There are a number of things you can do to increase your crawl budget and are both onsite and offsite elements. Make sure you check all of these methods to increase your crawl budget.
a. Reduce crawl errors
The most common website errors are:
- Broken pages – 404 error pages
- Pages that time out
- Misused or not used directive tags – No Index / Canonical / Redirect
- Blocking pages
- Faulty mobile device sniffer – serving desktop pages to mobile users.
How to find them
- Use a tool such as ScreamingFrog, SEMRush or AHREFs to find and fix your broken site links and check for any errors you can repair.
How to fix them
- Visit timed out pages to see what is causing them to fail – third-party embed, image sizes – repair or remove.
- Check all your directive tags at a page level to ensure you have the right tags in the right page. If you are using a plugin such as YoastSEO, make sure it is configured correctly.
- Ensure you recreate any sitemaps and resubmit them to your GSC.
- Check your site renders correctly on mobile devices.
b. Reduce Redirect Chains
Redirect chains stop the flow of link equity around a site and dramatically reduces Google crawl rates.
Matt Cutts in one of his webmaster help videos back in 2011 recommended 1-2 hops as ideal, three if needed, but suggested that once you got into the 4-6 range, the success rate of Googlebot following those redirect hops was very low.
How to find
- Use your Log analyser to find redirects and see where they redirect too.
- Create a list of URLs that redirect to another URL that then also redirects. Botify has a great tool for doing this.
How to fix
- Once you have this list, you will be able to remove the chains by changing the redirect on the first URL to the last URL in the chain.
c. Better use of Robots.txt
Make sure you are using your robots.txt file to block parts of your site you don’t need Google to waste its crawl budget on.
These could include:
- Query parameters
- Subdomain or development pages
- Low-value pages – PPC pages, user forum profile pages.
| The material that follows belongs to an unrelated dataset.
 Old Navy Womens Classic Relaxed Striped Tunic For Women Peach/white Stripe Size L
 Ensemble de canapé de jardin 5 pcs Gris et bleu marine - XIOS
d. Increase your website’s speed
As Google touched on above, site speed is a factor in your crawl health – the faster your site, the better crawl health you will have and the more Google will crawl your site. You can see that Google has highlighted this as a major reason for reduced crawl budget.
How to find issues
- Use a tool such as SEMRush, Pingdom or Google Site Speed Tool and figure out how you can make sure your site responds faster.
How to fix issues
Some of the major elements to investigate will be:
- Browser caching – you can use a plugin such as W3 Cache, WP Optimise, or SuperCache
- Image and code compression – make sure images are optimized before uploading and run WP Smush
e. Dynamic URL parameter settings
For those with eCommerce platforms that have dynamic URLs, Googlebot treats any dynamic URLs that lead to the same page as separate pages. This means you may be wasting your crawl budget by having Google to crawl the same page over and over as it thinks it is a different page.
How to find
- With most big eEommerce sites you will see your site has parameter settings. Just look at the URLs in the address bar.
- You might not be able to work around that from a display point of view, but you can tell Google what to ignore and how to handle dynamic pages.
How to fix
- You can manage your URL parameters by going to your Google Search Console and clicking Crawl > Search Parameters.
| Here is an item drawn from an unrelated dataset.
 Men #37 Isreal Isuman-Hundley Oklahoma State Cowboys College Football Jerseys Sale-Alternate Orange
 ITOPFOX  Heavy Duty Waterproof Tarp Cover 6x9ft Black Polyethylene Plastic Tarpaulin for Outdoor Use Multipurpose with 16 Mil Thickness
- From here, you can let Googlebot know if your CMS adds parameters to your URLs that doesn’t change the page’s actual content.
f. Get more Backlinks
Backlinks not only help to improve your organic rankings, they push search crawlers to your site more often.
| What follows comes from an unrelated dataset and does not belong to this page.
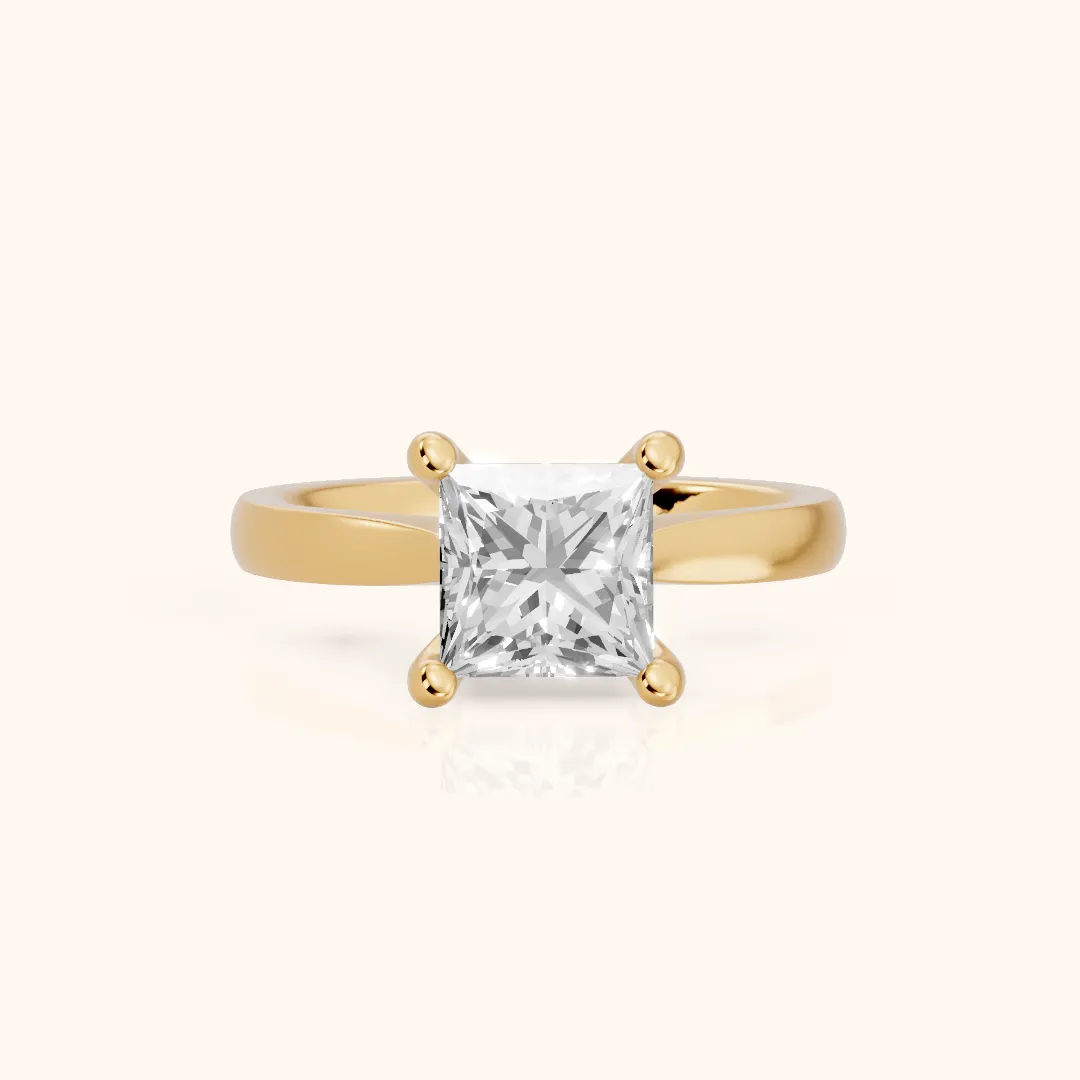 Sofia Cathedral Princess Diamond Engagement Ring in Yellow Gold — view 2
Based on our data (average of FTF client data)
- 55% increase in organic traffic
- 87% increase in keyword rankings
- 38% increase in Leads and Revenue.
Wrapping it Up
While this is a part of technical SEO, it is something that gets overlooked by lots of SEOs. Crawl budgets as you can now see are a big part in making sure your site gets the crawl it needs.
If you don’t have the right amount of budget or are using it up sending Google to the wrong pages, your site will never drive you the traffic it should. As you can see from the above, this stuff works. And it can be a great way to unblock a site’s ability to drive organic search traffic.